• [WHAT YOU ARE ASKED TO DO] Without the pictures, output all of the data exactly.

Captioned web image data:
::::::::

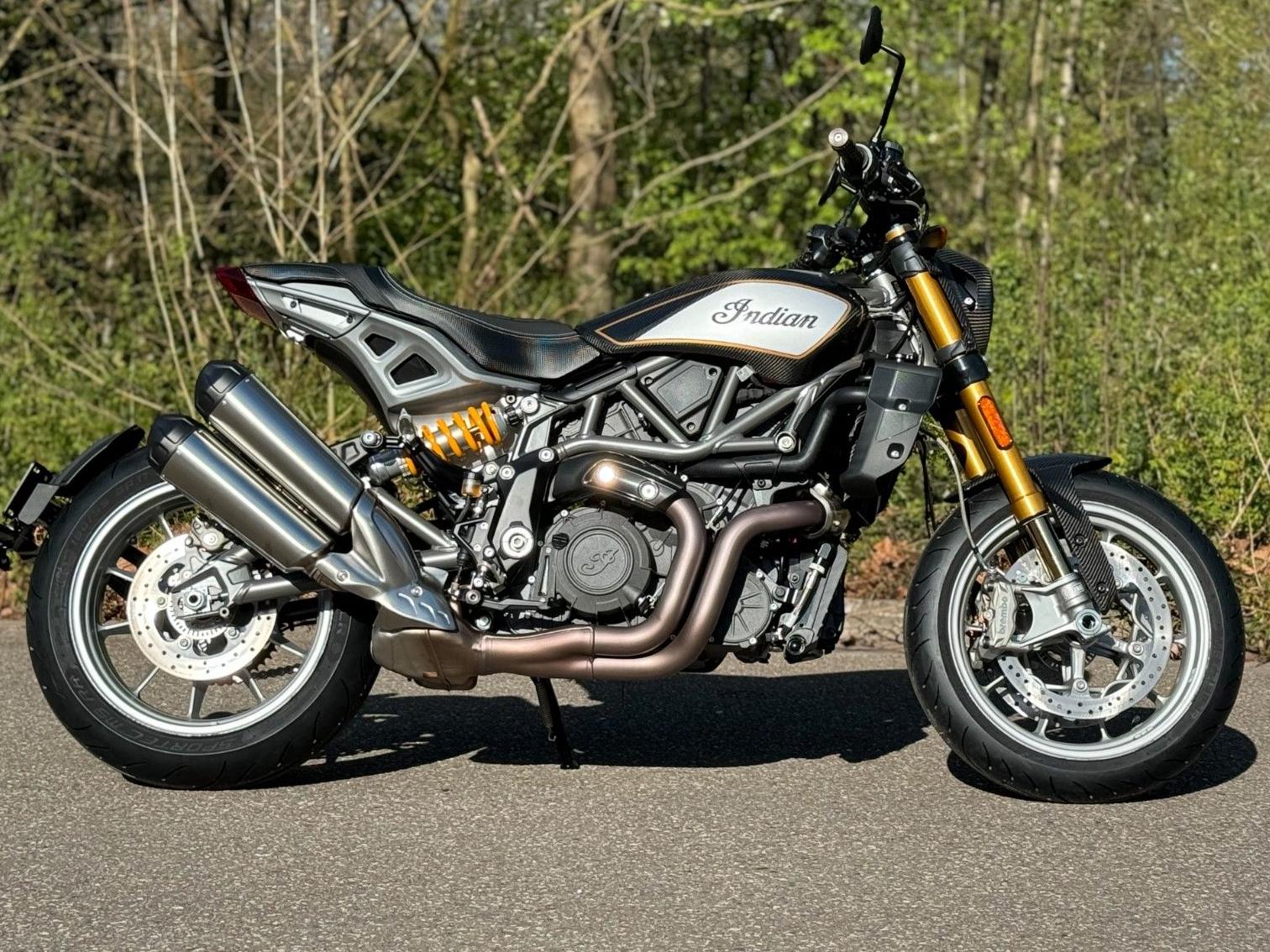 Indian FTR R Carbon Premium + € 500,00 Gutschein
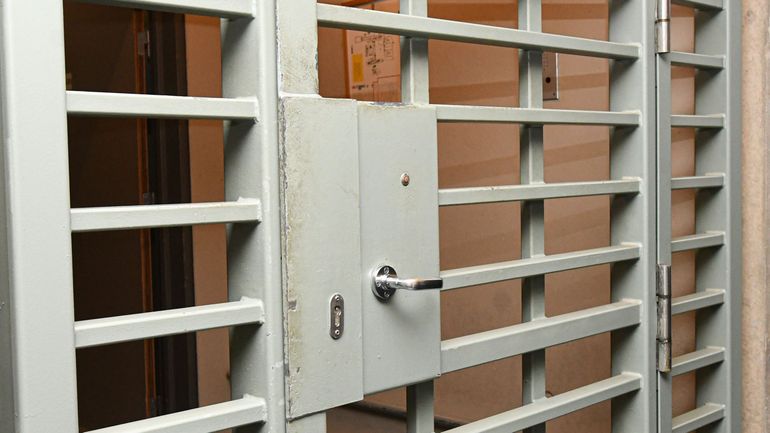 Les prisons belges continuent de se remplir plus vite qu'elles ne créent de places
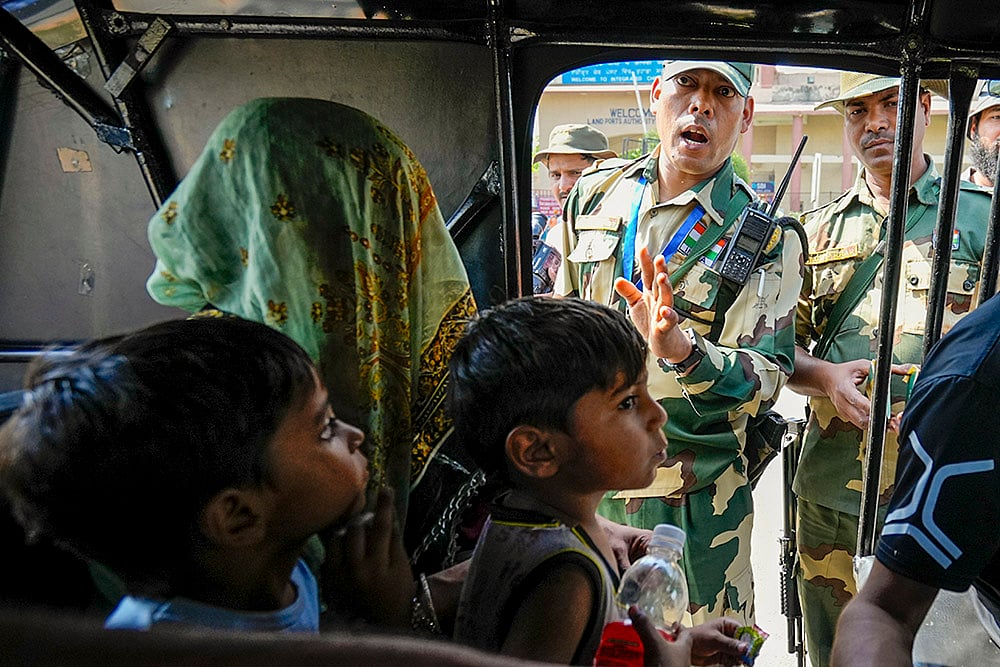 Photos from Attari-Wagah Border Deportations_BSF personnel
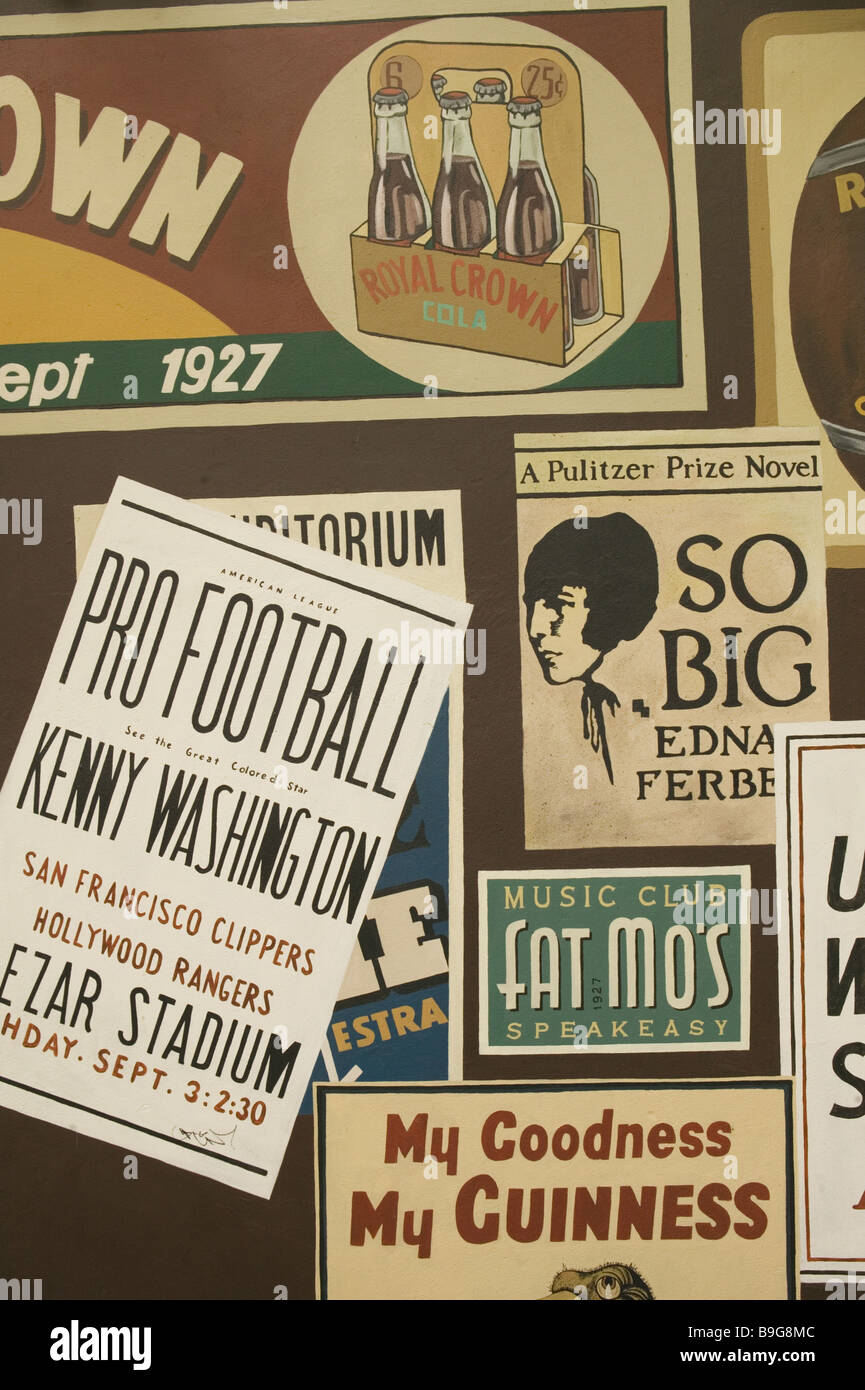 Ungarn-Plakate-Poster Schilder Werbung-Tafeln Werbung Nostalgie nostalgisch Plakate Zeichen Ungarn Stockfoto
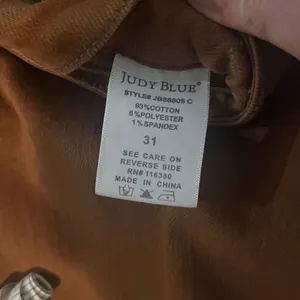 Judy Blue Rust Brown Cropped High-Rise Wide Leg Jeans thumbnail 7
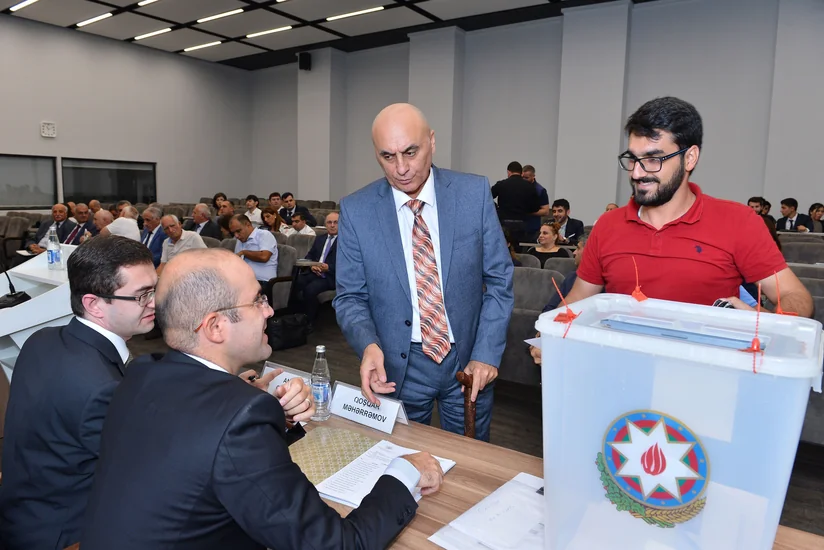 Təhsil Nazirliyi İctimai Şuraya keçirilən seçkilərlə bağlı narazılıqlara münasibət bildirib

::::::::

• [ANSWER TO THIS PROBLEM]
 Indian FTR R Carbon Premium + € 500,00 Gutschein
 Les prisons belges continuent de se remplir plus vite qu'elles ne créent de places
 Photos from Attari-Wagah Border Deportations_BSF personnel
 Ungarn-Plakate-Poster Schilder Werbung-Tafeln Werbung Nostalgie nostalgisch Plakate Zeichen Ungarn Stockfoto
 Judy Blue Rust Brown Cropped High-Rise Wide Leg Jeans thumbnail 7
 Təhsil Nazirliyi İctimai Şuraya keçirilən seçkilərlə bağlı narazılıqlara münasibət bildirib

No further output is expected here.